## Task to carry out
Please return the listing below word for word, minus its pictures.

___ Excerpted records

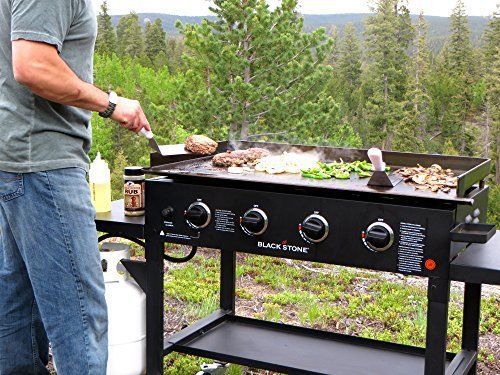 Propane Gas Griddle Cooking Station Food Stainless Steel Burners Fire Kitchen
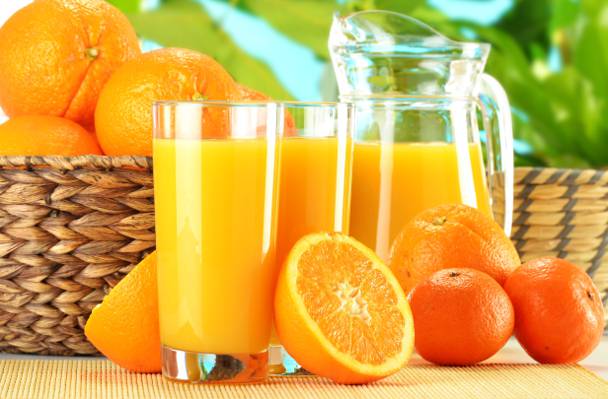 果汁,橙,橘子,水果,眼镜,橘子,篮子,投手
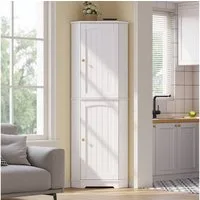 Flieks Eckschrank Hochschrank mit 2 Türen, 6 Fächer, verstellbaren Einlegeböden (42x42x166 cm, 1-St., Sideboard für Esszimmer, Wohnzimmer, Wohnzimmer, Badezimmer) L-förmig Multifunktionsschrank Mehrzweckschrank Badkommode Weiß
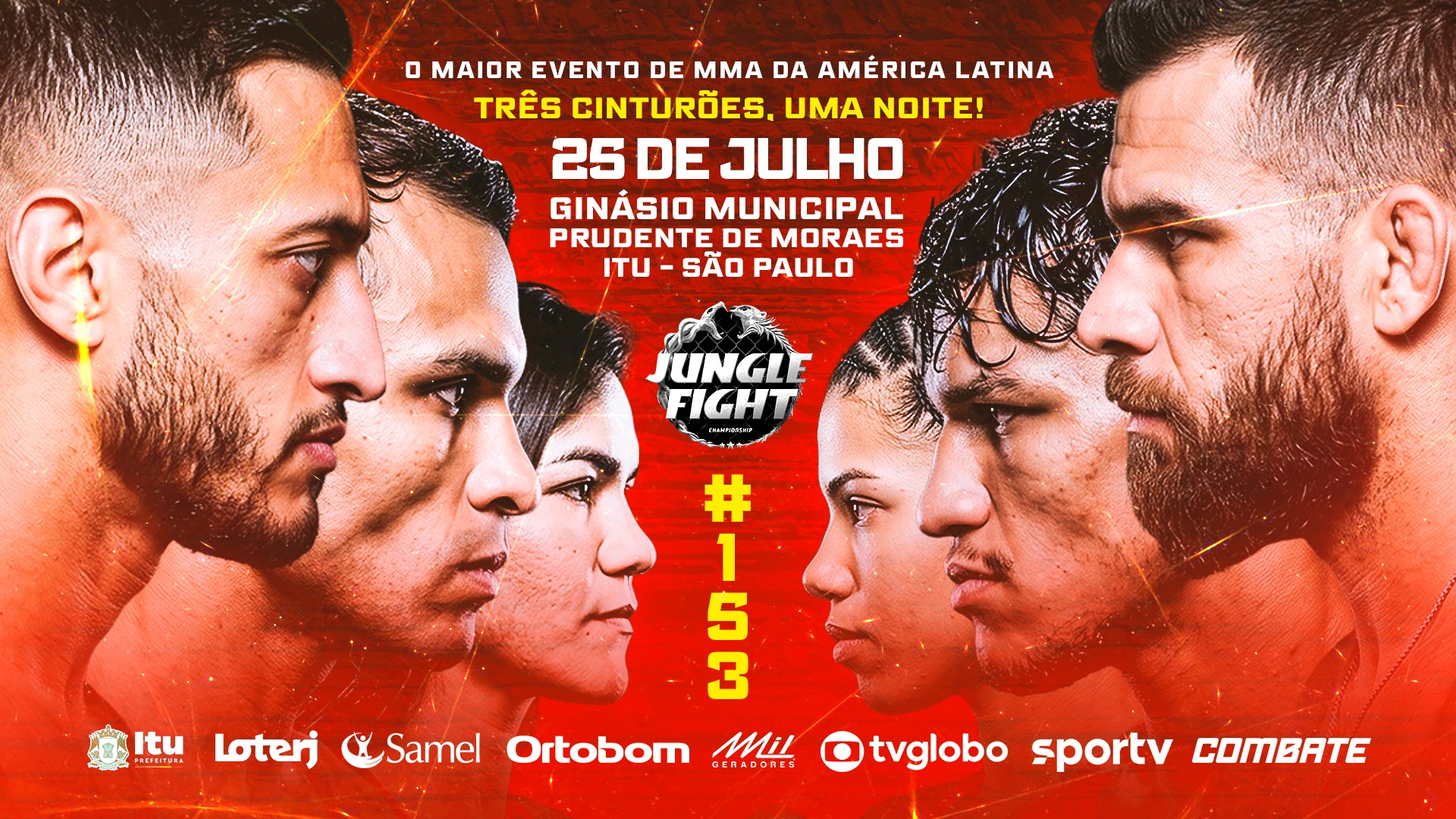 Jungle Fight 153 terá três disputas de cinturões no próximo sábado, em Itu-SP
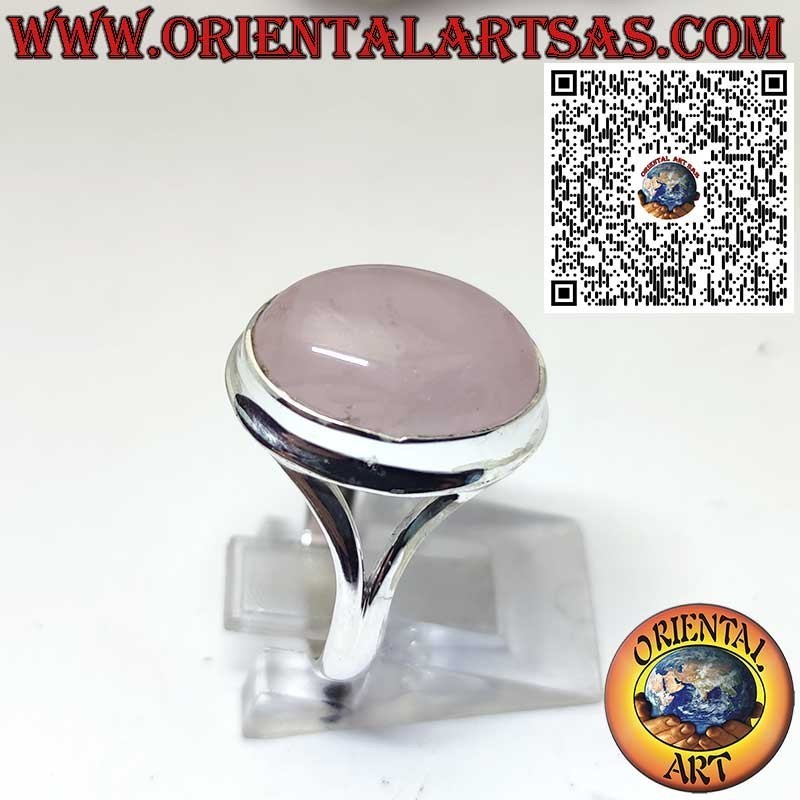 Anello in Argento 925 con Quarzo Rosa Naturale Ovale e Montatura Semplice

______

## Task response
 Propane Gas Griddle Cooking Station Food Stainless Steel Burners Fire Kitchen
 果汁,橙,橘子,水果,眼镜,橘子,篮子,投手
 Flieks Eckschrank Hochschrank mit 2 Türen, 6 Fächer, verstellbaren Einlegeböden (42x42x166 cm, 1-St., Sideboard für Esszimmer, Wohnzimmer, Wohnzimmer, Badezimmer) L-förmig Multifunktionsschrank Mehrzweckschrank Badkommode Weiß
 Jungle Fight 153 terá três disputas de cinturões no próximo sábado, em Itu-SP
 Anello in Argento 925 con Quarzo Rosa Naturale Ovale e Montatura Semplice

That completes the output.